* WHAT THE TASK ASKS: Transcribe the listing below only from the line with "12万逾期每个月利息 12万逾期每个月利息" up to and including the line with "Freeing creatures on Co Bac ferry in Can Tho".

----------------

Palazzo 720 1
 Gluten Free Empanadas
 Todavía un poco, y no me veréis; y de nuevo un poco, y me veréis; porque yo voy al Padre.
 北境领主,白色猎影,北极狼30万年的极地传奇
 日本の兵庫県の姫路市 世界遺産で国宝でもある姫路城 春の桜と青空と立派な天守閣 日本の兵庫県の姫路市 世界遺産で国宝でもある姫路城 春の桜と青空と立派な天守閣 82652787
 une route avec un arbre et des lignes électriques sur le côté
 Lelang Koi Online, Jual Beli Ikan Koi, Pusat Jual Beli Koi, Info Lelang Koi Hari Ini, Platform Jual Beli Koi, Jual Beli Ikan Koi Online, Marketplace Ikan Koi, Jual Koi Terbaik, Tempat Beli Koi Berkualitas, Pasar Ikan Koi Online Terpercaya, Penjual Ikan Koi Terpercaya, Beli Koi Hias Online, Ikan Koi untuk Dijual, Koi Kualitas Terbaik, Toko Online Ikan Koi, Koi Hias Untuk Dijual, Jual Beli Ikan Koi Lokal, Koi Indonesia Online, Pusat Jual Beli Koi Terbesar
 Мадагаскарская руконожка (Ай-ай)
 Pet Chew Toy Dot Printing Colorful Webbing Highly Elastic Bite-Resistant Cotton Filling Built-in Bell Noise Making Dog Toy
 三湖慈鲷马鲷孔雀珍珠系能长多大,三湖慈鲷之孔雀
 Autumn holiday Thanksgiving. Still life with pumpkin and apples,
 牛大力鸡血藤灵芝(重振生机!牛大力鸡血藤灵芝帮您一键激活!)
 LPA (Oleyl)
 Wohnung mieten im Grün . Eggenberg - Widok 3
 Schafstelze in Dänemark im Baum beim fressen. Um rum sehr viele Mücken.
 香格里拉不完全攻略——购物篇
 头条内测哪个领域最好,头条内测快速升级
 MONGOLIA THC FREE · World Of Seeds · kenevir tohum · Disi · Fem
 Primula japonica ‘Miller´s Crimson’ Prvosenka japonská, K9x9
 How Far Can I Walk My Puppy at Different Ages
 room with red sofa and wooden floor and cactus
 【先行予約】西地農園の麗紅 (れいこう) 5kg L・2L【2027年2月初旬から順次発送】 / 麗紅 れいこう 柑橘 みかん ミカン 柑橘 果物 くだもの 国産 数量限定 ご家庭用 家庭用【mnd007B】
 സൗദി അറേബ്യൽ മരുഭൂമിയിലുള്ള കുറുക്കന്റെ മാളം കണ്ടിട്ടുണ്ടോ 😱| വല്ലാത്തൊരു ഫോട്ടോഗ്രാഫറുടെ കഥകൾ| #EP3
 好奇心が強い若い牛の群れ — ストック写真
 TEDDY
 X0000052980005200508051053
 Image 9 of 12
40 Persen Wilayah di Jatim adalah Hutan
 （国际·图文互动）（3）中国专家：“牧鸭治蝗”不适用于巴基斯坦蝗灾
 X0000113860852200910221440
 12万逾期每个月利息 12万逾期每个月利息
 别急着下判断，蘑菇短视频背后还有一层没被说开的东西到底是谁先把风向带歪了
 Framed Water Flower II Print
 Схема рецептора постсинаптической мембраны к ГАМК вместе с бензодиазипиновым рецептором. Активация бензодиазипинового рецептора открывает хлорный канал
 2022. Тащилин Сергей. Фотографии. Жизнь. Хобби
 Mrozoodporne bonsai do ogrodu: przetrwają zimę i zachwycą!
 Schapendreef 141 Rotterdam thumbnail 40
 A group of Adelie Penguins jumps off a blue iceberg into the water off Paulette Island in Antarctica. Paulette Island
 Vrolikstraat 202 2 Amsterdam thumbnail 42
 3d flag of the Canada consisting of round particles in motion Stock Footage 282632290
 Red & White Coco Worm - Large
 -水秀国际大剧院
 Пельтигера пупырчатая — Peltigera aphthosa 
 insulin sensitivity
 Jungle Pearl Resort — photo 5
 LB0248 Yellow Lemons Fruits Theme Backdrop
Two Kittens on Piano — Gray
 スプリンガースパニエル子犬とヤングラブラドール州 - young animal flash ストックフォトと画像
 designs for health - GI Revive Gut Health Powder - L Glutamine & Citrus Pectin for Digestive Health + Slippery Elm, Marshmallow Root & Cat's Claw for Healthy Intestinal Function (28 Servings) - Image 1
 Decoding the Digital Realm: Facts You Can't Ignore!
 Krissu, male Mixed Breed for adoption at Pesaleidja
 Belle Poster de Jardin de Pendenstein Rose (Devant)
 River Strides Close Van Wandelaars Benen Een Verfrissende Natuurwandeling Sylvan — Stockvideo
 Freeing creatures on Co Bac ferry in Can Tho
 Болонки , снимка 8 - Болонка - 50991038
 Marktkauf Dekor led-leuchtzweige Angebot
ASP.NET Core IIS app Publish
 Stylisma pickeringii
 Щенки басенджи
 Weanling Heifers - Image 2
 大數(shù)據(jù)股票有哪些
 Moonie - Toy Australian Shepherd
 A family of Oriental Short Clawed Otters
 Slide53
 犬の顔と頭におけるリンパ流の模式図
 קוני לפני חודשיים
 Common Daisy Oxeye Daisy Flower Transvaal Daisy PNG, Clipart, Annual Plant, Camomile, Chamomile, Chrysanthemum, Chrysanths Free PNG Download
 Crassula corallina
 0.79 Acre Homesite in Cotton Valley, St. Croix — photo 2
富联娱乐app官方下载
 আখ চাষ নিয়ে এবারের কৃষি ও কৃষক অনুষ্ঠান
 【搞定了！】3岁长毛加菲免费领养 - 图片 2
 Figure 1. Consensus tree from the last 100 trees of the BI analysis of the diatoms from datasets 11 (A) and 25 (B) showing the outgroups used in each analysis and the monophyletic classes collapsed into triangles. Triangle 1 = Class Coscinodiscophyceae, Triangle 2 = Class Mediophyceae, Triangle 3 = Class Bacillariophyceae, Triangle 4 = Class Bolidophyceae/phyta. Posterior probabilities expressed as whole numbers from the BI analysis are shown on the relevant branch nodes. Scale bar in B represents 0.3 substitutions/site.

----------------

* OUTPUT:
 12万逾期每个月利息 12万逾期每个月利息
 别急着下判断，蘑菇短视频背后还有一层没被说开的东西到底是谁先把风向带歪了
 Framed Water Flower II Print
 Схема рецептора постсинаптической мембраны к ГАМК вместе с бензодиазипиновым рецептором. Активация бензодиазипинового рецептора открывает хлорный канал
 2022. Тащилин Сергей. Фотографии. Жизнь. Хобби
 Mrozoodporne bonsai do ogrodu: przetrwają zimę i zachwycą!
 Schapendreef 141 Rotterdam thumbnail 40
 A group of Adelie Penguins jumps off a blue iceberg into the water off Paulette Island in Antarctica. Paulette Island
 Vrolikstraat 202 2 Amsterdam thumbnail 42
 3d flag of the Canada consisting of round particles in motion Stock Footage 282632290
 Red & White Coco Worm - Large
 -水秀国际大剧院
 Пельтигера пупырчатая — Peltigera aphthosa 
 insulin sensitivity
 Jungle Pearl Resort — photo 5
 LB0248 Yellow Lemons Fruits Theme Backdrop
Two Kittens on Piano — Gray
 スプリンガースパニエル子犬とヤングラブラドール州 - young animal flash ストックフォトと画像
 designs for health - GI Revive Gut Health Powder - L Glutamine & Citrus Pectin for Digestive Health + Slippery Elm, Marshmallow Root & Cat's Claw for Healthy Intestinal Function (28 Servings) - Image 1
 Decoding the Digital Realm: Facts You Can't Ignore!
 Krissu, male Mixed Breed for adoption at Pesaleidja
 Belle Poster de Jardin de Pendenstein Rose (Devant)
 River Strides Close Van Wandelaars Benen Een Verfrissende Natuurwandeling Sylvan — Stockvideo
 Freeing creatures on Co Bac ferry in Can Tho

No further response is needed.